State v. Boles
942 N.E.2d 417
Ohio Ct. App.2010Background
- Cori Key was murdered in Toledo after midnight on July 31, 2004; appellant Boles, Key's boyfriend and father of one of her children, was identified as a suspect.
- Key’s body was found by her father; she had been stabbed, including a heart wound, and the case was reopened after two years.
- Appellant was indicted in December 2006, pleaded not guilty, and was tried by a jury resulting in a July 19, 2007 verdict of guilty and a sentence of 15 years to life.
- During trial, the state introduced several hearsay statements and lay/opinion testimony arising from witnesses closely connected to Key and the events of the evening.
- The defense challenged various evidentiary and procedural rulings, jury instructions, and alleged prosecutorial misconduct, and raised ineffective assistance claims.
- The court of appeals affirmed the conviction, denying relief on multiple assignments of error after review under plain-error standards where applicable.
Issues
| Issue | Plaintiff's Argument | Defendant's Argument | Held |
|---|---|---|---|
| Admission of hearsay statements | Boles asserts improper admission of hearsay under Evid.R. 803(2)/(3). | State contends statements fit excited utterance or related exceptions and Court acted within discretion. | Hearsay properly admitted under excited utterance exceptions; first argument rejected. |
| Testimony by Detective Forrester | Forrester’s testimony on phone records and inconsistencies was improper lay opinion and argument. | Testimony aided jurors’ understanding of evidence and was permissible lay opinion. | Testimony admissible as proper lay-opinion under Evid.R. 701; not improper. |
| Prosecutorial misconduct | Opening and rebuttal remarks misled jury and prejudiced defendant. | Any misconduct was harmless; arguments viewed in context of entire trial. | No plain error; cumulative impact not shown to alter outcome. |
| Jury instruction about guilt/innocence | Instruction improperly framed jury’s role by referencing guilt or innocence in the context of punishment. | Courts have found such phrasing inconsequential in context of given instruction. | Plain-error review favors no reversible error; instruction held inconsequential. |
| Ineffective assistance of counsel | Counsel failed to object to venire, coroner testimony, prosecutorial misconduct, hearsay, and improper jury instruction. | Counsel’s performance did not fall below objective standard; no reasonable probability of different result. | No ineffective-assistance violation; claims not well taken. |
Key Cases Cited
- State v.

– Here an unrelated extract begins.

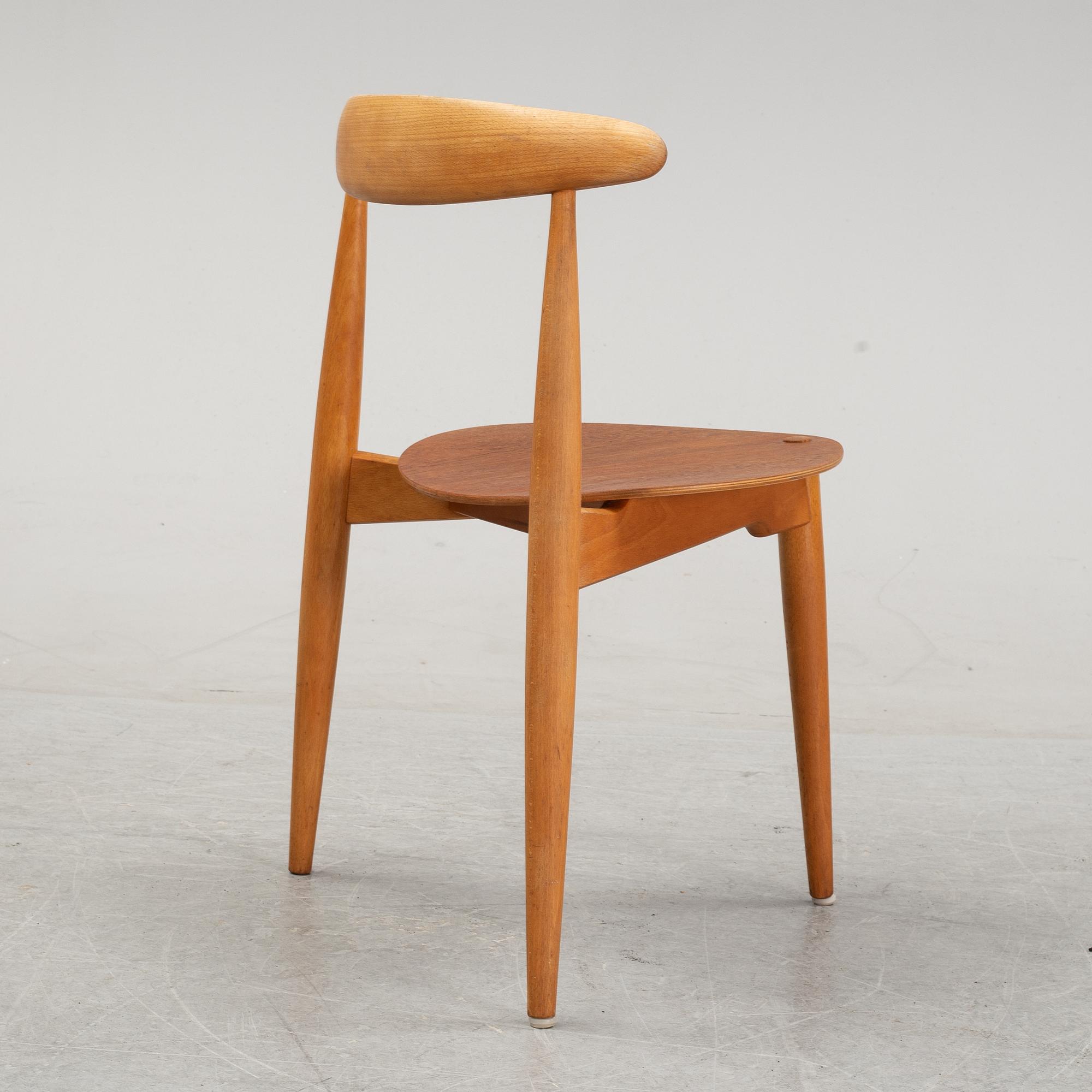 Hans Wegner, "Hjertestolen", Fritz Hansen, Danmark.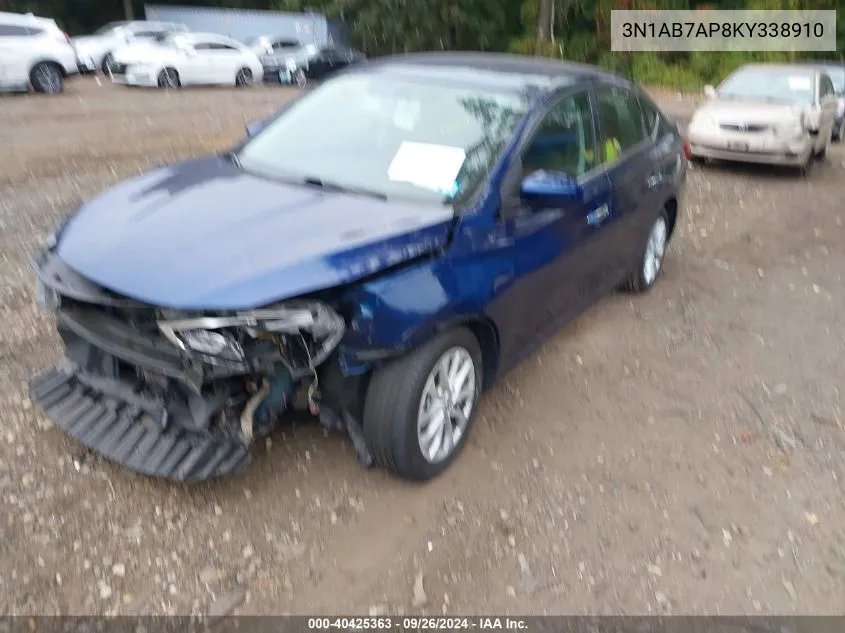 3N1AB7AP8KY338910 2019 Nissan Sentra Sv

Duncan, 53 Ohio St.2d 215 (Ohio 1978) (four-part test for excited utterance under Evid.R. 803(2))
- State v. Peagler, 76 Ohio St.3d 496 (Ohio 1996) (appellate may decide on grounds different from trial court if record supports)
- State v. Hand, 107 Ohio St.3d 378 (Ohio 2006) (abuse-of-discretion standard for evidentiary rulings)
- State v. Coley, 93 Ohio St.3d 253 (Ohio 2001) (limiting punishment-related jury language is inconsequential)
- State v. Thompkins, 78 Ohio St.3d 380 (Ohio 1997) (test for sufficiency and weight of evidence; 'beyond reasonable doubt' standard)
- State v. Jenks, 61 Ohio St.3d 259 (Ohio 1991) (sufficiency standard; review of evidence in light favorable to state)
- State v. Maurer, 15 Ohio St.3d 239 (Ohio 1984) (prosecutor conduct and standard for fairness of trial)
- State v. Lott, 51 Ohio St.3d 160 (Ohio 1990) (closing arguments and permissible inference in trial)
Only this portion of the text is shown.